Mark in his gospel, a gospel which as Bishop Steven said last week is abrupt – it pulls us up – it lacks the niceties of the other gospels – Mark introduces John thus ‘John . . . appeared in the wilderness . . .’ Just like that! It’s as if he just pops into existence – where are you from John?

But our own John, the Evangelist gives us an answer to that question ‘There was a man, sent from God, whose name was John . . .’ This question, where are you from which is so significant to our identity is one which John answers unequivocally for his namesake – John the Forerunner is ‘sent from God’ He comes from God

A couple of weeks ago I asked if we realised where we were? If we had a sense of our place in the Creation – how we fitted in – how our existence was woven into the life of the trees and the birds. Certainly on the whole, to be a Modern person is to have lost that sense. Just in the way we move around so freely, the very idea of Home is one which is disappearing from our senses. Home of course is one way of answering the question ‘Where are you from?’ – but where is Home?

Jesus comes to ‘bring us home’ To bring us to our sense, to reveal to us who we really are, and John who bears witness to Jesus, like Jesus comes from God. John isn’t sent ‘by’ God, he is sent ‘from God’
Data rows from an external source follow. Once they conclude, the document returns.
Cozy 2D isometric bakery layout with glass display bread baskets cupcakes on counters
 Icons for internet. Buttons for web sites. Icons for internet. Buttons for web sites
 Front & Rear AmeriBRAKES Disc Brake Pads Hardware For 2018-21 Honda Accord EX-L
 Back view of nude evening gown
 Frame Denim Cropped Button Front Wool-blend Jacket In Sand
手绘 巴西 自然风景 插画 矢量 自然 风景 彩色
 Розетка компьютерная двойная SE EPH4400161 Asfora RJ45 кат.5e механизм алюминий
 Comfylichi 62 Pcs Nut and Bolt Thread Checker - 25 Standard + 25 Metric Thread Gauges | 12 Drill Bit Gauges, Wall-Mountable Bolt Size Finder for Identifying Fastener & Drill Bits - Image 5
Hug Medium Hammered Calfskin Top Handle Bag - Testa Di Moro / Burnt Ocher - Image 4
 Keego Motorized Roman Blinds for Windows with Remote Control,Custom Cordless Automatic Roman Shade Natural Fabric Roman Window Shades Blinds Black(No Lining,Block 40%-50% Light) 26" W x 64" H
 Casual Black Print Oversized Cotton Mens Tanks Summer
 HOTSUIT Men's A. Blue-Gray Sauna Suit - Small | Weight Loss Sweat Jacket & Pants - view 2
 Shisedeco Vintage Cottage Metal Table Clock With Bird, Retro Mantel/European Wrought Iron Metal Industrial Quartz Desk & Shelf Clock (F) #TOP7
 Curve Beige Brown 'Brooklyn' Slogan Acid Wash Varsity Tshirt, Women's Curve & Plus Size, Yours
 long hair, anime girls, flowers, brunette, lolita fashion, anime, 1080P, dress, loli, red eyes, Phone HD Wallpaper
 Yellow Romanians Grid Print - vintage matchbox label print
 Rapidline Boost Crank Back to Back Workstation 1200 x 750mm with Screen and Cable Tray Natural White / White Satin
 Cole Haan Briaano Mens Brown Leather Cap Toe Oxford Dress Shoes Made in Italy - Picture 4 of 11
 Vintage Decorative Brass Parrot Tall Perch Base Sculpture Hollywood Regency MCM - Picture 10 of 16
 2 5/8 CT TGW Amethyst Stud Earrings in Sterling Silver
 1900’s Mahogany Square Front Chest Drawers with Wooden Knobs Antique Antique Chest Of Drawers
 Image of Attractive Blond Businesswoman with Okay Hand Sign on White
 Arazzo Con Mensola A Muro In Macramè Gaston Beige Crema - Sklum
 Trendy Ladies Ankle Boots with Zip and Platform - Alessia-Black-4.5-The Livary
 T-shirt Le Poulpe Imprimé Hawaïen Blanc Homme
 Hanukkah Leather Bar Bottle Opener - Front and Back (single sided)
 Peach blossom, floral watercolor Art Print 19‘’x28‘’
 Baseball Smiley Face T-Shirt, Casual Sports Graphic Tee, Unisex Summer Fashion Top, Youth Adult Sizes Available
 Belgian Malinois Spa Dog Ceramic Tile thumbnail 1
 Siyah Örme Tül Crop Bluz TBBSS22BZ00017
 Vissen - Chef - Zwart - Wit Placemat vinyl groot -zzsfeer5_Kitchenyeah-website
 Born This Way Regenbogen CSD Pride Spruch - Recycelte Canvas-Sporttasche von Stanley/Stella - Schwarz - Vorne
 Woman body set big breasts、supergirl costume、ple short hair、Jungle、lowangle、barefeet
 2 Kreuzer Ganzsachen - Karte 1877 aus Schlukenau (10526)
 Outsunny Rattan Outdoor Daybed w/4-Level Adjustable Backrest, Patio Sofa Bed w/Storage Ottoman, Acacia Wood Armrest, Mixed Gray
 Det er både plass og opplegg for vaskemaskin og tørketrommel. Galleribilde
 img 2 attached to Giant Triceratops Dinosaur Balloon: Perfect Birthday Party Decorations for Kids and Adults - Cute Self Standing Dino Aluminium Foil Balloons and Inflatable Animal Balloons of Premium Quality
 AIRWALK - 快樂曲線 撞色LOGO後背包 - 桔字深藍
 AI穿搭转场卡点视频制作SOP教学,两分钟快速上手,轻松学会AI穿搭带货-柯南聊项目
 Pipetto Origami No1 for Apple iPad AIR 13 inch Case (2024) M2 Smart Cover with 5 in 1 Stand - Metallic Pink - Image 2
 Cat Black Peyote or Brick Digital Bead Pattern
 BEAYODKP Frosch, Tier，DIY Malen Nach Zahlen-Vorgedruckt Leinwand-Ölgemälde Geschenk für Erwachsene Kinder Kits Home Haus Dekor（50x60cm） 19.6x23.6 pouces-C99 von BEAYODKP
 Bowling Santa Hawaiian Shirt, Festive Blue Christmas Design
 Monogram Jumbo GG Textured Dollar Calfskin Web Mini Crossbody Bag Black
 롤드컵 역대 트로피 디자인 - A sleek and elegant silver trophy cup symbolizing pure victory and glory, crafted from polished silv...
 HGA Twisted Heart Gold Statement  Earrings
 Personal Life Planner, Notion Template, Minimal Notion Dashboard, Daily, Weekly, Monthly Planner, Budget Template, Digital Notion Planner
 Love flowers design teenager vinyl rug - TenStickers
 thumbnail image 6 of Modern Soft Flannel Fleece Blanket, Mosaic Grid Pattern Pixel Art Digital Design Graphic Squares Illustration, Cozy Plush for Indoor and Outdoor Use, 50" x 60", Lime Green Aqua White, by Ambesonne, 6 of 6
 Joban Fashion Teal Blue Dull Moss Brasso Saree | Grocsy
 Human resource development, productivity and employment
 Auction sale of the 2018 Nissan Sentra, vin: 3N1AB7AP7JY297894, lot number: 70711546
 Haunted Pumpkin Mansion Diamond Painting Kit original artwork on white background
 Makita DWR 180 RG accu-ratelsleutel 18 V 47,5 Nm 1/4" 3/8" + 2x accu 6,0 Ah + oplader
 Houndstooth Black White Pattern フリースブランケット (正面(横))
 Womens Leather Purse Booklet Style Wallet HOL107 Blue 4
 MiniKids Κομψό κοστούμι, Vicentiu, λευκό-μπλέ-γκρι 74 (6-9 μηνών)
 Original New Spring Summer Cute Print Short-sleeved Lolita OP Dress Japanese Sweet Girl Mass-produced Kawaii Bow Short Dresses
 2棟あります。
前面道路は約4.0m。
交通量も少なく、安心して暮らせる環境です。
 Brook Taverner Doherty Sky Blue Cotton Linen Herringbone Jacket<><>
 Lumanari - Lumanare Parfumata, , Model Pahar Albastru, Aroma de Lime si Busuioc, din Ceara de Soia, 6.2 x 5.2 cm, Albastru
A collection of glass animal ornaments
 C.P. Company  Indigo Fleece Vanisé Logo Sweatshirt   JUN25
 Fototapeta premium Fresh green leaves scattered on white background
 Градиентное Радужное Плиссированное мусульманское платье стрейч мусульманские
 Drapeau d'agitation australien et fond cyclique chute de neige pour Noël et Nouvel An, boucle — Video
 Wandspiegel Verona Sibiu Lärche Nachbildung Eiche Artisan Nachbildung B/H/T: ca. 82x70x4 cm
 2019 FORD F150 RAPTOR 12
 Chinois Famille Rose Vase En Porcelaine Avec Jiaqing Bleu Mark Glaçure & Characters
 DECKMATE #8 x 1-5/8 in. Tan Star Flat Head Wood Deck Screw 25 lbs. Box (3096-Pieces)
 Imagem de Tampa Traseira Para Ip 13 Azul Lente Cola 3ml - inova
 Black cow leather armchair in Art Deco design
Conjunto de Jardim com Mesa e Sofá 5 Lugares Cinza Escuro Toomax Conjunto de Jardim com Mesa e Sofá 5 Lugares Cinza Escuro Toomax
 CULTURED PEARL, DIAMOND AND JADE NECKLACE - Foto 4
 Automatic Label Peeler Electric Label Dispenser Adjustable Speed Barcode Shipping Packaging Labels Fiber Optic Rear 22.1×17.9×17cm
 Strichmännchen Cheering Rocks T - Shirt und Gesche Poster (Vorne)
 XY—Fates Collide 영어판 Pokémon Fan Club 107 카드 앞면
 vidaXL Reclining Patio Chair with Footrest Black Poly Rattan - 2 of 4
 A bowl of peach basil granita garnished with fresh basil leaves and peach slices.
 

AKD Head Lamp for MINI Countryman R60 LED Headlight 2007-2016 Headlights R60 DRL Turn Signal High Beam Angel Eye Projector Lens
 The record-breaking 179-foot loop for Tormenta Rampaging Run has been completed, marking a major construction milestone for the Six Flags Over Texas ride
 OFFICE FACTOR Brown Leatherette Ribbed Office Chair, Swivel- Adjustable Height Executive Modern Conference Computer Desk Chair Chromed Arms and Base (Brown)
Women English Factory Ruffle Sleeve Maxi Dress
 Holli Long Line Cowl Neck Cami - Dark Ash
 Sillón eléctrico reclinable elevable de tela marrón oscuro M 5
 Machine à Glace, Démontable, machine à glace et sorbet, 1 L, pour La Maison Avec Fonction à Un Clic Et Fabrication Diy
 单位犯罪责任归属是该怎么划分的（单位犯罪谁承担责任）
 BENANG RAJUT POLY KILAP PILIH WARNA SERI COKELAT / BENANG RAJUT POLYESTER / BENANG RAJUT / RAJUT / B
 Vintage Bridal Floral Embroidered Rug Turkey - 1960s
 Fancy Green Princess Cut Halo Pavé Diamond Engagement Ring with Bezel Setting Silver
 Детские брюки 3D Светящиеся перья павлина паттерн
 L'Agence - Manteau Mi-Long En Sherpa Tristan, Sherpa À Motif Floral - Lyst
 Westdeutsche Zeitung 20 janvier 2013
This reminds me so strongly of a story I told just a few weeks ago of an elderly lady who was dying and who was asked by her doctor, ‘where are you from?’ To which she replied without a moments hesitation ‘From God’ – and being baptised and knowing her faith well she might have used the words which described Jesus, ‘knowing that he had come from God and was going back to God.

The ministry of John the baptist is marked by a remarkable freedom – he wears strange clothes, he eats strange food, he lives in strange places. When asked who he is, He proclaims without fear that he is ‘just’ the voice of one who cries in the wilderness – or put another way, he is the mouthpiece of God himself – that the Life in Him is the very Life of God bearing witness to that Life coming into the world in Jesus Christ – a Life that comes from somewhere else – Where are you from??

We can ourselves only bear witness to that Life of Jesus, to the Good News, if we ourselves have that same life in us, or put another way, if we know from where we have come from. If like the old lady we know we have come from God and are going to God – if our Life suggests we are from somewhere else . . . to know as Jesus says that we have been ‘born from above’

As we shall hear once more this coming week – to whoever believed in his name Jesus gives the power to become children of God, who were born, not of blood or of the will of the flesh or of the will of man, but of God. . . .

To be Christian is not as the wider world puts it, to belong to a certain religious group – no, it is to be one who has been brought home, to know who we are, and where we are and where we are from, to where we are going – it is to hear the words of Scripture as God our Father speaking to us, and to know his life flowing through us – it is to know that in this sacrament of the Eucharist, God feeds us with His Life in Christ

Home – a place of rich stories, a place of wonderful meals, a place buried deep in our human memory. As this season of the year awakens so very many memories, may we Know deep within ourselves the answer to the question . . .

Where are you from?

And so, ‘May the God of peace himself sanctify you entirely; and may your spirit and soul and body be kept sound and blameless at the coming of our Lord Jesus Christ. The one who calls you is faithful, and he will do this.’